Читаю, что подчеркнуто:
– «Я слышу, как часто у нас первые люди в государстве обвиняют то землю в
бесплодии, то климат в давней и губительной для урожаев неравномерности.
Некоторые даже как бы смягчают эти жалобы ссылкой на определенный закон:
земля, по их мнению, усталая и истощенная роскошными урожаями старых времен,
не в силах с прежней щедростью доставлять людям пропитание. Я уверен... что
эти причины далеко отстоят от истины... Я думаю поэтому, что дело не в
небесном гневе, а скорее в нашей собственной вине».
– Там дальше тоже есть дельные мысли, – остановил меня Терентий
Семенович, когда я хотел закрыть книгу, чтобы посмотреть, кто написал ее.
Листаю дальше, ищу, где подчеркнуто. Вот...
– «С сельским хозяйством можно управиться без тонкостей, но оно не терпит
и глупости».
На следующей странице:
– «Знать, что следует делать, это самое главное в каждом деле, а особенно
в сельском хозяйстве».
– Так утверждал римский писатель и агроном Колумелла, живший в первом
веке новой эры, – проговорил Мальцев. И тут же спросил: – А как думаете,
устарели эти мысли сегодня или нет?.. Мне кажется, нет. И земельку нашу
поругиваем, и на убывание плодородия ссылаемся, и климат виним, тогда как
виноваты мы сами.

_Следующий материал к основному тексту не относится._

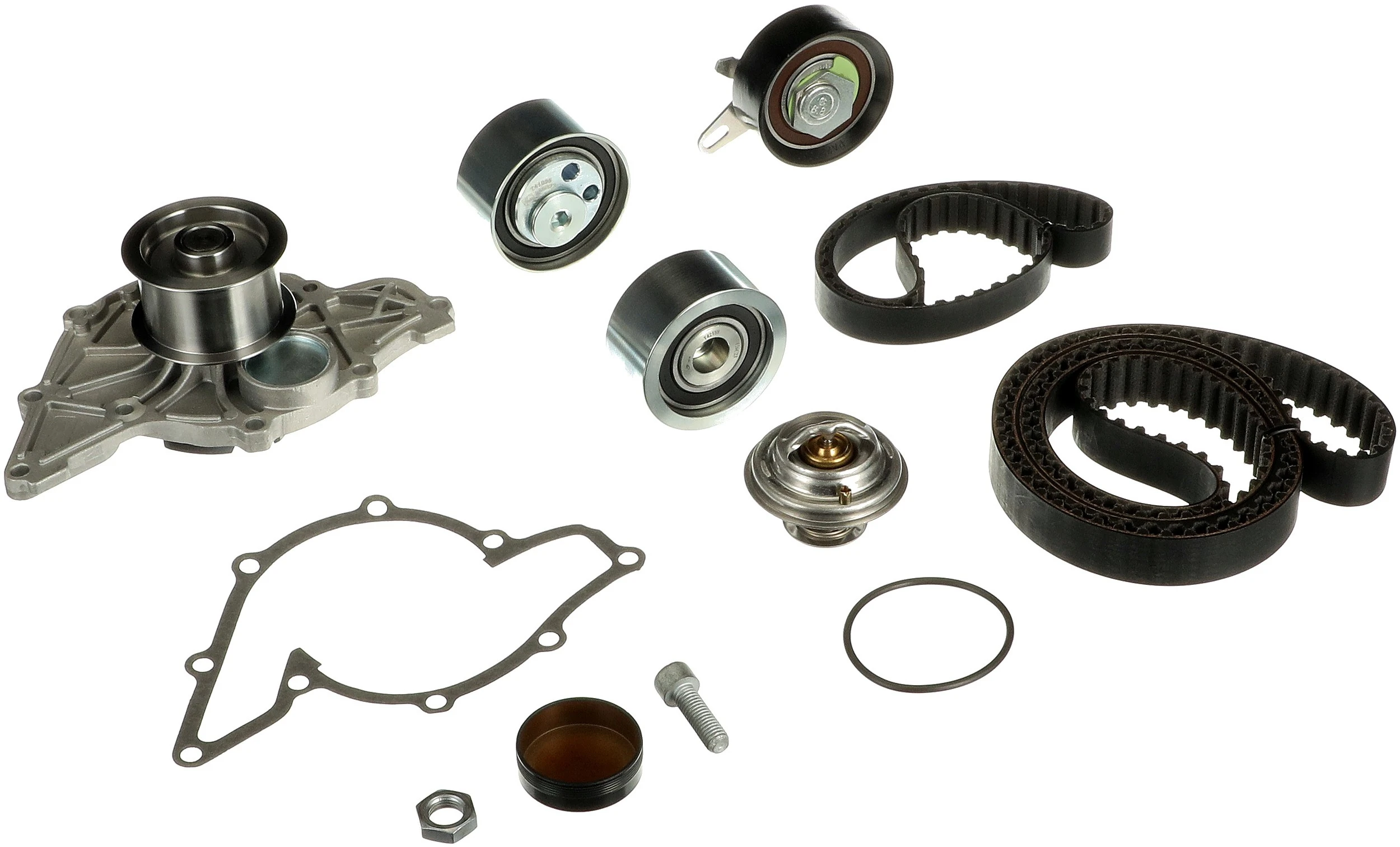 GATES Vízpumpa + fogasszíj készlet - KP1TH15557XS-1 - TothCarparts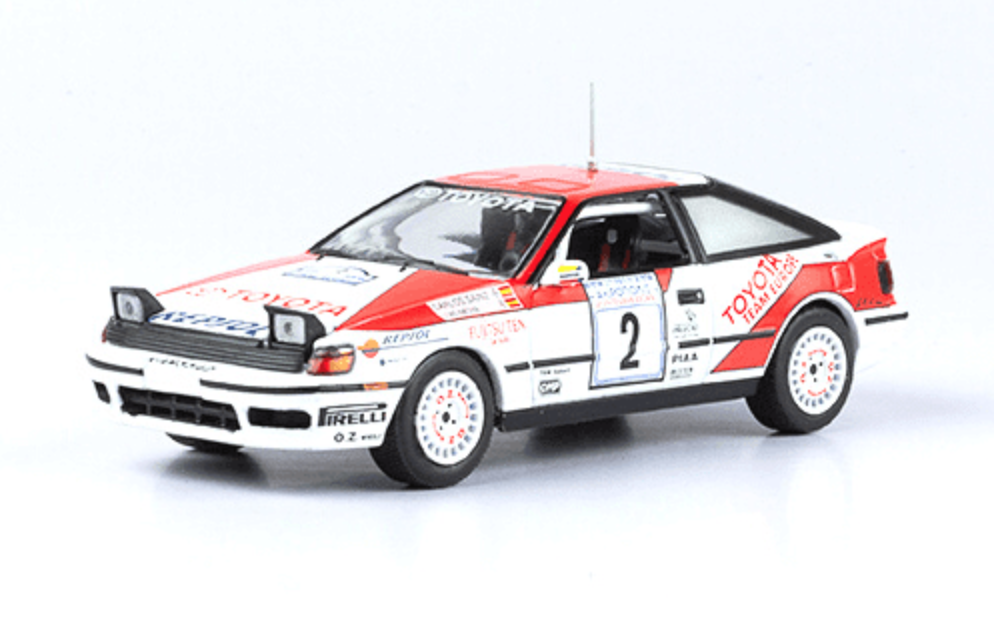WRC Toyota Celica GT-Four 1990 Sainz - Moya Rare Rally Diecast Car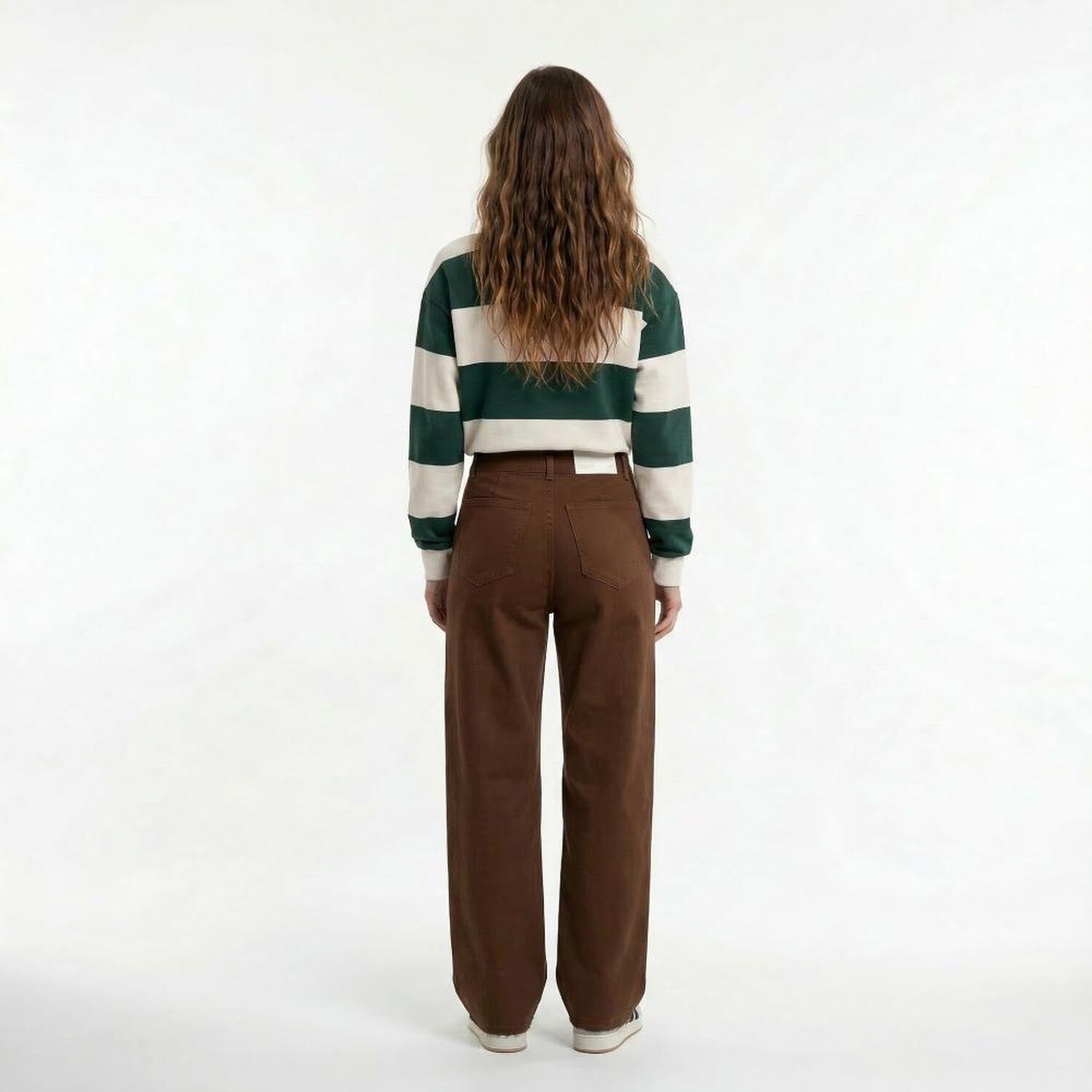 Jeans Mujer Rolly Go image number 1.0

Не в том, разумеется, виноваты, что дожди не ко времени
или засуха случится, а в том, что «нрав местности» не учитываем, не
соизмеряем свои возможности с природными условиями и тем самым ставим себя в
постоянную зависимость от погоды.
Читая эти строчки, я еще не знал, что вот эта самая книга, в которой
собраны размышления Катона, Варрона, Колумеллы и Плиния о сельском
хозяйстве, была издана у нас по инициативе и энергичному настоянию Терентия
Семеновича Мальцева. Издана давненько, в 1957 году и, к сожалению, снова
малым тиражом.
Не знал я тогда, что по его же инициативе переизданы были и знаменитые
«Письма из деревни» известного русского публициста и ученого А. Н.
Энгельгардта. И «Работы по сельскому хозяйству и лесоводству» Д. И.
Менделеева. По его же настоянию была впервые издана у нас книга
американского фермера Эдварда Фолкнера «Безумие пахаря» в переводе В. Н.
Энгельгардта – внука автора «Писем».
* * *
Недавно, на встрече с учеными Тимирязевки, на которую Терентий Семенович
пригласил и меня, он выразился так: «Я родился, вырос и состарился на парах.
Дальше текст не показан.